Making the Move from Corporate Cog to Business Owner
It’s not the same as looking for a job.
At some point in their career most working adults have thought about owning a business of their own. Most never get past that thought, for a couple of good reasons.
First, when the average corporate person — middle manager, 15–20 years in, bored but doesn’t hate it — thinks about owning a business, he or she typically thinks about being a consultant. Not sure what that means but it sounds like fun. I get to tell other people how to run their business. What’s not to love?
The other reason is they have no idea how or where to start. Everyone knows how to look for a job: write a resume, find a job posting, tweak the resume to match keywords (for ATS), wait in vain for a response. The system might be broken, but somehow, we all know how it should work.
Business ownership or entrepreneurship is more mysterious to most. We may have heard about a friend’s father-in-law who just sold his retail business and is sitting on a beach somewhere. Or we see a service brand in the neighborhood with the name of a company and it looks interesting. We Google it and it turns out to be a franchise. Wait — aren’t franchises mostly fast food?
Then there is that quote we read someplace — probably LinkedIn — that says something like, “Make your passion your business and you’ll never work a day in your life.” I don’t know if anyone actually said that, but it’s just plain wrong on several counts. We’ll come back to that.
Let’s back up. Maybe you’re in that corporate role — middle or even senior management, you’ve been there a while, and prospects for advancement are becoming harder to find. Maybe you’re between jobs — you got laid off, or you just couldn’t face another day of the cubicle and commute now that you’ve been ordered back to the office.
Whatever your current career status, you’ve started feeling an entrepreneurial itch. You’d like to figure out if it’s the right fit for you even though you have no idea where to start. What business? How do I get started? You don’t have a brilliant idea and buckets of money.
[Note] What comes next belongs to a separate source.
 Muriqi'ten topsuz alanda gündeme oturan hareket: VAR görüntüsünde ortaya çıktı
Let me see if I can help here.
To quote Stephen Covey, start with the end in mind. What are you looking for? What’s missing in your current job? What part of your current job do you want to change? What do you want your days to look like?
An honest self-assessment can help here. Map out your skills and experiences, your responsibilities and duties. Which do you enjoy, and which do you dread? Do you like building teams or working alone? Do you enjoy working with your hands or do you prefer something mentally challenging?
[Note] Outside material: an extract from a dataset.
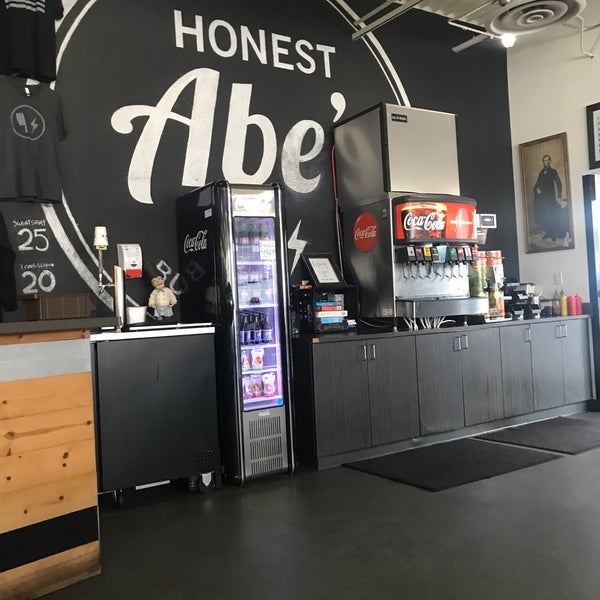 รูปภาพถ่ายที่ Honest Abe&#39;s Burgers &amp; Freedom โดย Greg D. เมื่อ 12/1/2019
The goal is to build a vision for the future that includes your workday. What does that day look like, from the time you get up until you leave for the day? What do you wear? With whom do you spend your day interacting?
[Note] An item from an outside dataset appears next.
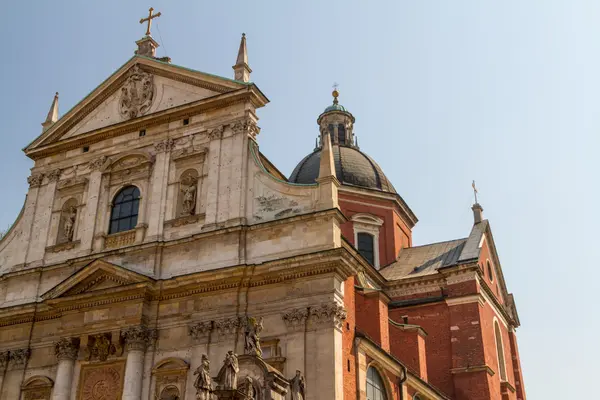 Chiesa dei Santi Pietro e Paolo nel centro storico di Krak — Foto Stock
When you approach it from this angle, the work itself is less important. It’s the opposite of asking “what do I want to do?” It’s asking, “whom do I want to be, and what vehicle can get me there?”
Let’s say you have a business you’ve built to where you have a few employees — people you hired yourself. You spend your days working on growth plans, talking to clients, and mentoring your team — all of which provide meaning and purpose. You’ve created a strong culture, you’re making good money, and providing a needed service to the community. You have time for your family, you travel, and you coach your daughter’s basketball team.
Given those outcomes how much does it really matter to you what your business is?
Starting a business — whether from the ground up or investing in a franchise — isn’t like finding a job. You don’t tweak your resume to fit the duties. Instead, you outline your skills and abilities, figure out what your goals are, and then determine what can help you achieve them.
But what about passion, you ask?
Let’s say you love to cook. You enjoy inviting friends for dinner and creating fabulous meals for them. They all tell you to open a restaurant. You find a great location, get it outfitted, hire a staff, and open. Business takes off. Now your passion is your vocation. You’re doing it every day — weekends, evenings, holidays. You must shop, cook, hire, clean — there aren’t enough hours in the day to get it all done.
Also, you don’t cook at home any longer. No more dinner parties with friends. On your one night off each week (Monday) you order a pizza and zone out with a glass of wine while you try to do payroll.
What you’ve done is taken your escape activity and made it a prison you can’t escape from. So much for passion.
Wouldn’t it be better to start something that gave you the time to indulge in your passion when you want to? Create a business that allows you to meet your financial goals but gives you the flexibility to work on your terms?
As for the “you’ll never work a day in your life” portion of that tired trope, what’s wrong with work? Work means productivity. It means creation and solving problems. It provides the meaning and challenge that we all need to stay engaged.
If you say that your job doesn’t do that, maybe it’s time to quit the job and start a business.